The evidence of fraud must not be of such a kind “as could have been obtained or produced at the arbitration hearing with reasonable diligence” and the evidence must be “so material that its production [at trial] would probably have affected the result”. It is not necessary to show that it would have affected the result, as this would be to usurp the function of the arbitrators in the event that it were to be remitted to them.
It is also useful to note that Flaux J. emphasised that the arbitration had been conducted under the IBA Rules on the Taking of Evidence in International Arbitration, under which there was no duty to disclose relevant documents (as might have been required under English Civil Procedure Rules Pt 31).
The English Arbitration Act and its ethos
The English Arbitration Act allows a party to arbitral proceedings to apply to court challenging an award on the ground of serious irregularity affecting the tribunal, the proceedings or the award.20
A serious irregularity means an irregularity which the court considers has caused or will cause substantial injustice to the applicant. The codified list of grounds of irregularity which may trigger an application includes:
“the Award being obtained by fraud or the way in which it was procured being contrary to public policy”.21
Once there is shown to be serious irregularity on one or more of the grounds, the court may remit the award to the tribunal, set it aside in whole or in part, or declare it to be of no effect, in whole or in part.22 The critical requirement is that an irregularity will only be “serious” if it causes or will cause a substantial injustice to the applicant. It follows that even where fraud is proved, the court must still be satisfied that a substantial injustice to the applicant will result. “Injustice to the applicant”, in contrast to general injustice, contrary to the values of the justice system, represents the radical pragmatism characterising the English Arbitration Act.

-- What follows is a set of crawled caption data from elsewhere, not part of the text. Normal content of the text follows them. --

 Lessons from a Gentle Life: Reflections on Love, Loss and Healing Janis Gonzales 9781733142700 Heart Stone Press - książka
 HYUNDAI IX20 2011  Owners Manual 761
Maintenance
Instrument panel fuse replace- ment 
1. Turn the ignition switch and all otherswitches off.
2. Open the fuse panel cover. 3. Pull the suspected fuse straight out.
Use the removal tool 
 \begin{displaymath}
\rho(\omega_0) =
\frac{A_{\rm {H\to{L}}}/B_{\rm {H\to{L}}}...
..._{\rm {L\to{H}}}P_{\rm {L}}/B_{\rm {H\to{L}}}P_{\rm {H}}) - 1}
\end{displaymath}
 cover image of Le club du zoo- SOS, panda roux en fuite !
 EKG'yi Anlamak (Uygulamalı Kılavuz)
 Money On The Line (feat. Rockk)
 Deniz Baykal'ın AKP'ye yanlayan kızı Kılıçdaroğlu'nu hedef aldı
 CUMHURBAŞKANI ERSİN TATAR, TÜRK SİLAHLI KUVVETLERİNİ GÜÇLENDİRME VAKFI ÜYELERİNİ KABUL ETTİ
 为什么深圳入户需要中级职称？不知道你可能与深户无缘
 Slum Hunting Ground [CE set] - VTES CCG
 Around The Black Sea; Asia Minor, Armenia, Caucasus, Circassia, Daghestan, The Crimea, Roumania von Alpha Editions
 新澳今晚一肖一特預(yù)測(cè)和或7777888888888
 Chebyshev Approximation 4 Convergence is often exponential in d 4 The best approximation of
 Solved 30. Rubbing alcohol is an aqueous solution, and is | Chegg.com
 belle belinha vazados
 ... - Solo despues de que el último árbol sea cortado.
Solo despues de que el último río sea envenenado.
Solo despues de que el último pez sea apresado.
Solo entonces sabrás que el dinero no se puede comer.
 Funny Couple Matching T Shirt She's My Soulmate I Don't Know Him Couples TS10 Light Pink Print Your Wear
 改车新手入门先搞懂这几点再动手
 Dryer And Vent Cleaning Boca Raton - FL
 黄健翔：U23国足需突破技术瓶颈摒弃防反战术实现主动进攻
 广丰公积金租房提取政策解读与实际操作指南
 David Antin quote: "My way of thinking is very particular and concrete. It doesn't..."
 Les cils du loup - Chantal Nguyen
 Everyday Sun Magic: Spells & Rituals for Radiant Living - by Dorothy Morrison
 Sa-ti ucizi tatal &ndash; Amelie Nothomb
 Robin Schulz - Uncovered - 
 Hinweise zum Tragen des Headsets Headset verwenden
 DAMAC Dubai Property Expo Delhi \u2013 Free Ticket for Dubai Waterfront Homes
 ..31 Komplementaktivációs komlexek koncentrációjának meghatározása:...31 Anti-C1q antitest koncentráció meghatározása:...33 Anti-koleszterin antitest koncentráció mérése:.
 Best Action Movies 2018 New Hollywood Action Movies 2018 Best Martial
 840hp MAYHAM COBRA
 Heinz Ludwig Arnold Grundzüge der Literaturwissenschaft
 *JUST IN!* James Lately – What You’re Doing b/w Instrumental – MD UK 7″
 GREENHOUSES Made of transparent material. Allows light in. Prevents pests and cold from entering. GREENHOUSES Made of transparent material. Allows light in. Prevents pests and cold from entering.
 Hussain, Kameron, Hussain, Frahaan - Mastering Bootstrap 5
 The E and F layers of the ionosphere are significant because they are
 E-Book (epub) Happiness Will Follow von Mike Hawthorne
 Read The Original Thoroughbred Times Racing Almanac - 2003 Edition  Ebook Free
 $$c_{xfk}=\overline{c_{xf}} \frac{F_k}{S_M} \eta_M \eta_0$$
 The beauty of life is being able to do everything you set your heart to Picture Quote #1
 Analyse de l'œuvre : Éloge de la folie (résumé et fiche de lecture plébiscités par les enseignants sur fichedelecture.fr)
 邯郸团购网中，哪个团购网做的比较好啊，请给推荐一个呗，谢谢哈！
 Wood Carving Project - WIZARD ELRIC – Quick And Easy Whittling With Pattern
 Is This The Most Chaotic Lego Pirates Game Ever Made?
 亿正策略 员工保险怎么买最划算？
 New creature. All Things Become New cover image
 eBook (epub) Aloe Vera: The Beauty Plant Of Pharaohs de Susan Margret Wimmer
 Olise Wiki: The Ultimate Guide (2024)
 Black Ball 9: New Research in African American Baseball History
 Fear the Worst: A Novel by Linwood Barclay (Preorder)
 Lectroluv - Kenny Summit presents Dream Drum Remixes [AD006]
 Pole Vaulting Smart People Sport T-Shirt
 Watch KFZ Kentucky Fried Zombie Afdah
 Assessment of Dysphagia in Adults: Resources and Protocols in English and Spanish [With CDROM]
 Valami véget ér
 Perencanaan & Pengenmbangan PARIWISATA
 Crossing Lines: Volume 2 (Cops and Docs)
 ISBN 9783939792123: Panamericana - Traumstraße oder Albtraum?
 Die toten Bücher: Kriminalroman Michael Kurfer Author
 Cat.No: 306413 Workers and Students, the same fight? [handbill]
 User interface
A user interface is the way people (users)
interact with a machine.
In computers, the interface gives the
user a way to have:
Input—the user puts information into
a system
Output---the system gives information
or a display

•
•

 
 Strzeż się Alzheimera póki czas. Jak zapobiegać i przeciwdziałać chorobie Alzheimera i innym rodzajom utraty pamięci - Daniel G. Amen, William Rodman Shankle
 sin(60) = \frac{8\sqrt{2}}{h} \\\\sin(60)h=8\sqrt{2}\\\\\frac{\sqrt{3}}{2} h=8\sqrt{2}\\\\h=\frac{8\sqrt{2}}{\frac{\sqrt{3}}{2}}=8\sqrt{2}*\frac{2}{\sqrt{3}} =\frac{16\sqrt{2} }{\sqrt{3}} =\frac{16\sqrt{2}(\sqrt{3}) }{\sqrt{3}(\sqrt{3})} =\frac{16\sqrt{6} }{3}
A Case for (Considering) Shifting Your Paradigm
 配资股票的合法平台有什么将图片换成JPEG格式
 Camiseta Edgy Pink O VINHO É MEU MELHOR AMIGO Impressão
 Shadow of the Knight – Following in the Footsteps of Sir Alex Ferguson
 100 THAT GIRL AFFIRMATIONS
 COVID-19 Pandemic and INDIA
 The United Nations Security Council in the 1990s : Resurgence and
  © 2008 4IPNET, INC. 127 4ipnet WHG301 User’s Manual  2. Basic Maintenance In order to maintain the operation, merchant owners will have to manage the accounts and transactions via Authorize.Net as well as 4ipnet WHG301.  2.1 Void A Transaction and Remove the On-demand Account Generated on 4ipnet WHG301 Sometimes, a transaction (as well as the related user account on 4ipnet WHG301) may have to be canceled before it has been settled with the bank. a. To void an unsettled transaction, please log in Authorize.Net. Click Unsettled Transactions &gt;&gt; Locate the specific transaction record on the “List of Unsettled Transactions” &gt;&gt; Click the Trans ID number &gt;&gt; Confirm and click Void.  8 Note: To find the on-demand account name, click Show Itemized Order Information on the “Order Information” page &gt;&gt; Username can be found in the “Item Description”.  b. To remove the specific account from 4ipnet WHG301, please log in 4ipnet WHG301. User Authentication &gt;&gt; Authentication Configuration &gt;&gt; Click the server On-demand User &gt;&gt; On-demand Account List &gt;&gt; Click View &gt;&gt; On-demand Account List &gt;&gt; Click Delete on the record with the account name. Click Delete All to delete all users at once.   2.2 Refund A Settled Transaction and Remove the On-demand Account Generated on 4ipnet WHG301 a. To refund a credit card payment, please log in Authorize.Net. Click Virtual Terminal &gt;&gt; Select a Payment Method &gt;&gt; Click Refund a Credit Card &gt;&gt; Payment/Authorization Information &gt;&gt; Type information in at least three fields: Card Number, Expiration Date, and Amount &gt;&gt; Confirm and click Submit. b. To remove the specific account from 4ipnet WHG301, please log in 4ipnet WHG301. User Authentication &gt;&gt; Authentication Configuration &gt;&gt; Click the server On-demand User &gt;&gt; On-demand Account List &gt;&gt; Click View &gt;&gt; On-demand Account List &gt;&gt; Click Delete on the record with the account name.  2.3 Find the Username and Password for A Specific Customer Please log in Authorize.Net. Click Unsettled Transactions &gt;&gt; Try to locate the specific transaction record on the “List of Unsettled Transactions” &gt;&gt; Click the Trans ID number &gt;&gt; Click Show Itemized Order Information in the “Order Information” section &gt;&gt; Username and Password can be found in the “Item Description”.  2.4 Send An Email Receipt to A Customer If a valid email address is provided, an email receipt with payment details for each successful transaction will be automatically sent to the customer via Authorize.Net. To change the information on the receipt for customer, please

A court may only set aside an award, or declare it to be of no effect, if it is satisfied that it would be inappropriate to remit the matters in question to the tribunal for reconsideration.23 The thrust of this provision is that setting aside is the solution only where the impugned conduct is of such a kind that there is nothing else left that would be an appropriate form of relief. The effect is to reserve setting aside for the exceptional cases, where it is inappropriate to leave it to the tribunal to rectify its own mistakes, or any flaws in the procedure adopted in the arbitration.
The codified list of possible irregularities is exhaustive, leaving no room for the courts to develop new grounds of serious irregularity in a manner that might lead to a general supervisory jurisdiction.24
Specifying fraud as well as other conduct contrary to public policy as a single ground suggests the same treatment for both types of conduct. The English courts have, however, observed that where a party has procured the award in a way which is contrary to public policy, but short of fraud, it will normally be necessary to satisfy the court that some form of reprehensible or unconscionable conduct has contributed in a substantial way to obtaining an award in that party’s favour. But it is also said that a court should not be quick to interfere under this provision. It should only be used in extreme or serious cases.25
The difficulty is in understanding the nature of behaviour so serious, yet not warranting the ultimate remedy of setting aside. The best way of illustrating where the line has been drawn is by referring to actual examples.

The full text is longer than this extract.